In Pepys’ time, The Bubonic Plague of 1665 killed an estimated 31,159 people, 15% of the total population, 527 of whom are buried in our churchyard at St Olave. Pepys notes with sadness that some of his close friends and colleagues have themselves been taken, and increasingly notes the fatal spread of the plague:

'Thus this month ends with great sadness upon the publick through the greatness of the plague everywhere through the kingdom almost. Every day sadder and sadder news of its increase'. (31 August 1665).

We are living through an unprecedented occurrence, a state of fear and lockdown; fear of others; fear for our loved ones; fear for those who serve in the NHS and in public service, of whom too many have been taken.

Jesus’ own disciples, lived in fear and terror, following his brutal crucifixion before their very eyes. They stare death in its face, fearing they too may be arrested and executed, for following Jesus.
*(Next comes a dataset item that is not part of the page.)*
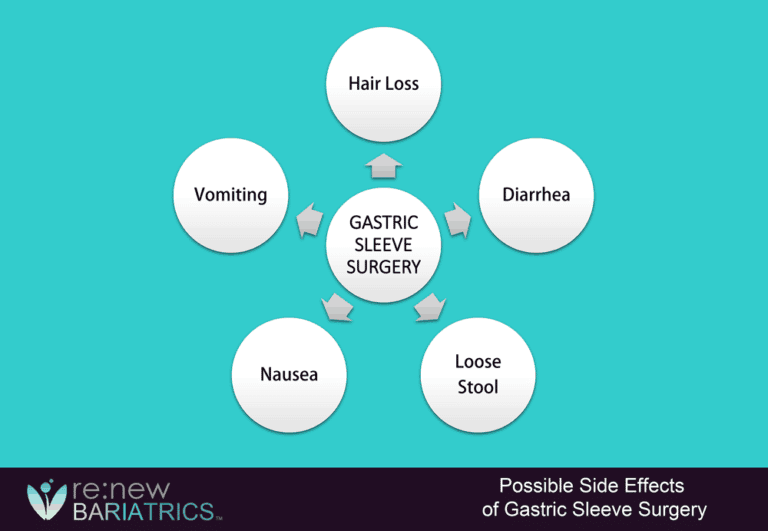 Side Effects of Gastric Sleeve Surgery Renew Bariatrics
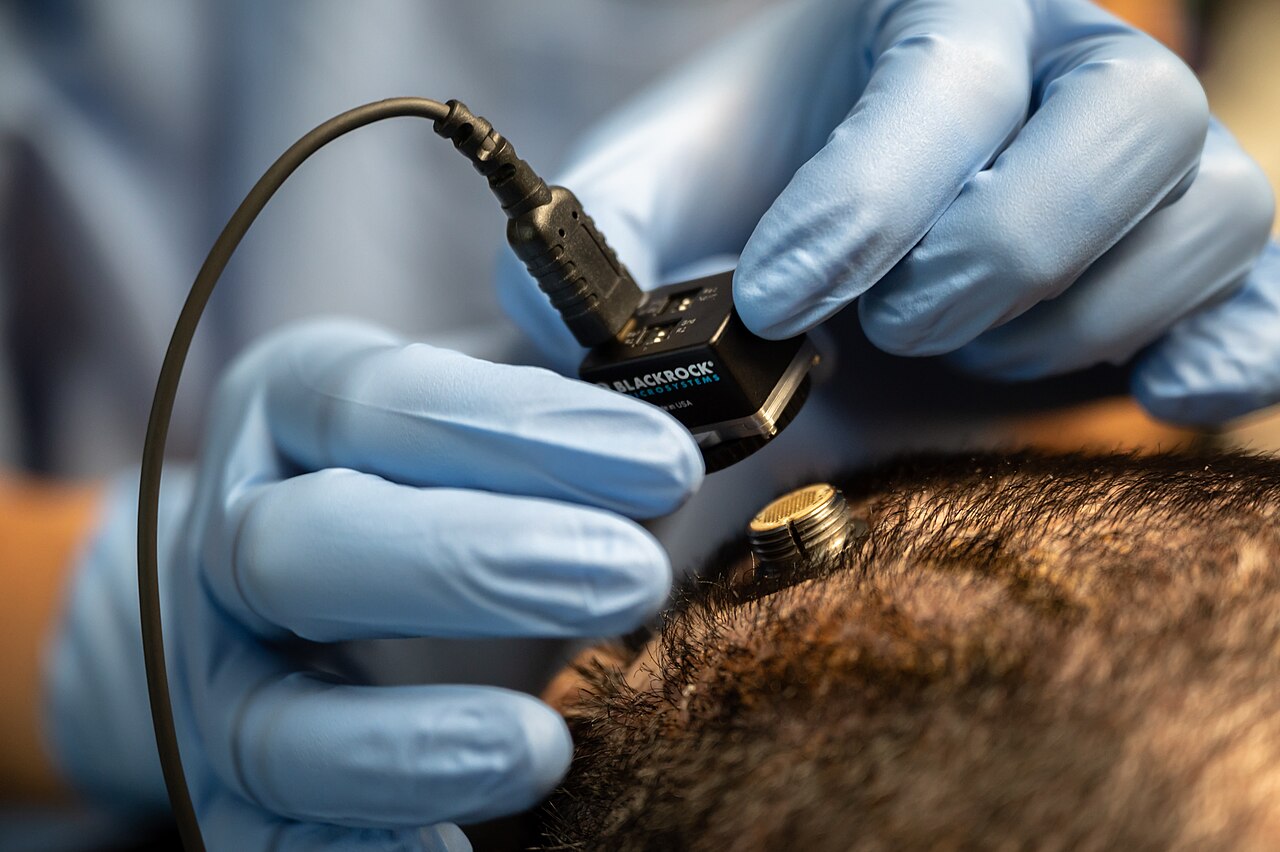 When Your Brain Becomes the Hearing Aid: How Brain-Computer Interfaces Could Transform Neurology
On the day of resurrection, Mary Magdalene arrives early, to tend the tomb of Jesus. Her inner world, her thoughts can only have been shrouded in darkness, expressed most poignantly in the words: “They have taken my Lord away!”

On that first day of resurrection, it is still physically dark. She is still in the deep clutch of grief, horror and disbelief of what has happened. The images of brutality would have given anyone who witnessed them nightmares and mental turmoil for years to come. For her it is dark, dark, dark, in her inner being.

Holy Saturday, yesterday, reminds us of the need to wait patiently for the dawn. And then comes that time when we discover that God is not absent, even in the darkness. Something has changed. The light begins to flicker.

At the time of the plague, people lived in isolation, mourning and privation, but we sense a note of hope and relief on New Year’s Eve 1665, as Pepys writes:

‘But many of such as I know very well, dead; yet, to our great joy, the town fills apace, and shops begin to be open again’.

Pepys’ tone is hopeful and propitiates that life will resume, albeit slowly. We too wait in the hope of resurrection, in the confidence that light is stronger than darkness, that our prayers before God sustain us and keep us in a place of light amidst our daily struggles.

For Mary, suddenly from the flicker of uncertainty, the light dawns; she can finally perceive it is Jesus. He is alive and he addresses her by name. She has seen the light; her Lord and Master is alive. Her deepest hopes have more than come to fruition.

This Easter may we live in the hopeful truth of Jesus’ resurrection that light is stronger than darkness, as John begins and ends his gospel: “The light shines in the darkness, and the darkness did not overcome it” (John 1:5).